So, be careful dictating your desire over the decision of your teenager. Help them understand the responsibility of decision-making, the good and the bad. After all, it’s their life, not yours. It’s their faith, not yours.
Pray for the Lord to give you flexibility so when the volcano erupts and the plans you made change, you will be supportive of your teen.
by Joseph Staples ©
Monday, April 26, 2010
“Whatever your hand finds to do, do it with all your might…” –Eccles. 9:10
Contrary to popular opinion, work has never been a particularly popular enterprise for teenagers. Whether doing chores on the farm or in the home, most teens don't naturally like to work. But the value of work is definitely an important lesson learned as a child and cultivated during the teenage years.

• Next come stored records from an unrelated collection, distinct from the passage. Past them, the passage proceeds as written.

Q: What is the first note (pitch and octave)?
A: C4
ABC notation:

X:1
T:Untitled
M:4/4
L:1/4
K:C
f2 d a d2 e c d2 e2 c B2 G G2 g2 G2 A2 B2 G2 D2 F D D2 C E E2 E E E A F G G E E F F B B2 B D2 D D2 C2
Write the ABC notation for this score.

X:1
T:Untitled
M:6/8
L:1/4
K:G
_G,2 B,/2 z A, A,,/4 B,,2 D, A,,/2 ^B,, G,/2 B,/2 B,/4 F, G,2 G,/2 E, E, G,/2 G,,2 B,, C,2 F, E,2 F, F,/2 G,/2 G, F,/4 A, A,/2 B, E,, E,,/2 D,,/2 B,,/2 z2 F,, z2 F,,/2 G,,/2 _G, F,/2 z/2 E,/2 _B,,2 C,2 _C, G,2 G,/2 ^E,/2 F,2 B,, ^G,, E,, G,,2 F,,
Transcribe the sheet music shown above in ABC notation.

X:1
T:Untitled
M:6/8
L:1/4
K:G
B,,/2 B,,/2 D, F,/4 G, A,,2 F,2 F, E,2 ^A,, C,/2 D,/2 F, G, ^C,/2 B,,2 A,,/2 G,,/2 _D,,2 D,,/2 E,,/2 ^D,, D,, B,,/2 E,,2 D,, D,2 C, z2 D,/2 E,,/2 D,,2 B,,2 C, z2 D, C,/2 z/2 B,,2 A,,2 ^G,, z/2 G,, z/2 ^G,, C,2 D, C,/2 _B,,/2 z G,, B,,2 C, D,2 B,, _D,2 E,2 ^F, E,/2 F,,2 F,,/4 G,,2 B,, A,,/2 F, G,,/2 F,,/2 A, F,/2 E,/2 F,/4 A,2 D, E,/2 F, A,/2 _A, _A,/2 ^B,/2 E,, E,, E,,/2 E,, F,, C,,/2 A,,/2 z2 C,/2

One Sunday, as a 9th grader, I thought I had it all figured out. We had youth group at the church at 6:00pm. I didn't get home from a friends house till 5:30 and my dad had expected me to cut the grass before I went to youth group. I hurried into my room, changed into my “youth group clothes” (not sure what those were), and proceeded to announce to my dad that, “well, I’ll have to cut the grass later in the week ‘cause I need to leave for youth group.” I thought I had him. Surely he wouldn't let grass cutting interfere with my spiritual growth (truth was, we just sat around and ate hamburgers- not a lot of depth). He said, “Well, I guess you’ll have to be late because the grass needs cutting now. You have football every afternoon this week,” pointed out my dad. “But I’ll miss most of youth group,” I said. “Yep, but you made that choice,” he said. I couldn't believe it. I was not happy. Reluctantly, I finished the yard and hurried to youth group and ate a hamburger.
Truth is, my dad was right. I had made a choice to miss youth group. Not doing the chore was never the choice and my dad made sure I understood. I wasn’t happy with my dad, but the times he taught me lessons made me respect him even more.
Teach your child the value of work and chores early. Give them little projects to do around the house. Have them clean their room before they can watch cartoons. As they get older, increase their responsibility. Have them work in the yard and help with laundry. Don't expect them to be happy about it. Your role as parents is not to win a popularity contest (we’ll discuss that in a future article). Your role is to teach and mold.
In our work at Shelterwood, an important component of the experience is doing chores and working to keep the campus beautiful. The teens learn the value of using their hands and completing projects. Teach your teen to finish what they begin. Of course, the lessons go deeper than just chores. As they work hard and finish their chore, they learn to take responsibility for who they are.
Their future coaches and bosses may never call to thank you, but teaching your teen these values will help them be a responsible adult.
By Joseph Staples ©
Saturday, April 24, 2010
“Love always trusts…” -1 Cor. 13
You already know I love the Andy Griffith Show. Many asked how long it would be before Andy Griffith themes entered my blog scene. Well, it begins today! How can there be any discussion about “trusting kids” without referring to Opie and Andy. But for those that don't care for the Andy Griffith Show (which makes me sad), I won't go there every day- I promise!
One of my favorite episodes is called “Mr. McBeevee.” While walking through the woods, Opie meets Mr. McBeevee, a telephone repairman. Opie, in describing his new friend to Andy and Barney, remarks McBeevee "lives in the trees" (climbs telephone poles to do his work) and "jingles when he walks" and "has 12 extra hands" (referring to the repairman's tools). Since Andy and Barney have not met McBeevee and are unable to track him down, they chalk Opie's enthusiastic description to childhood imagination. That is, until one day Opie comes home with a quarter McBeevee had given him. Andy immediately suspects Opie stole the quarter and takes him to the woods to return it. McBeevee, in the meantime, has been called away to assist fellow workers at another site and has left by the time Andy and Opie arrive. The sheriff takes Opie home to punish him, but backs off (to Barney's chagrin) when he believes his son. In an important scene, Barney questions Andy, “so you believe there is a Mr. McBeevee?” “No Barney, I don’t, but I do believe in Opie,” responds Andy. At the end of the episode, Andy goes to the forest and, having parked next to a telephone pole, fumes aloud, "Mr. McBeevee!" McBeevee immediately shows up, and the two become quick friends.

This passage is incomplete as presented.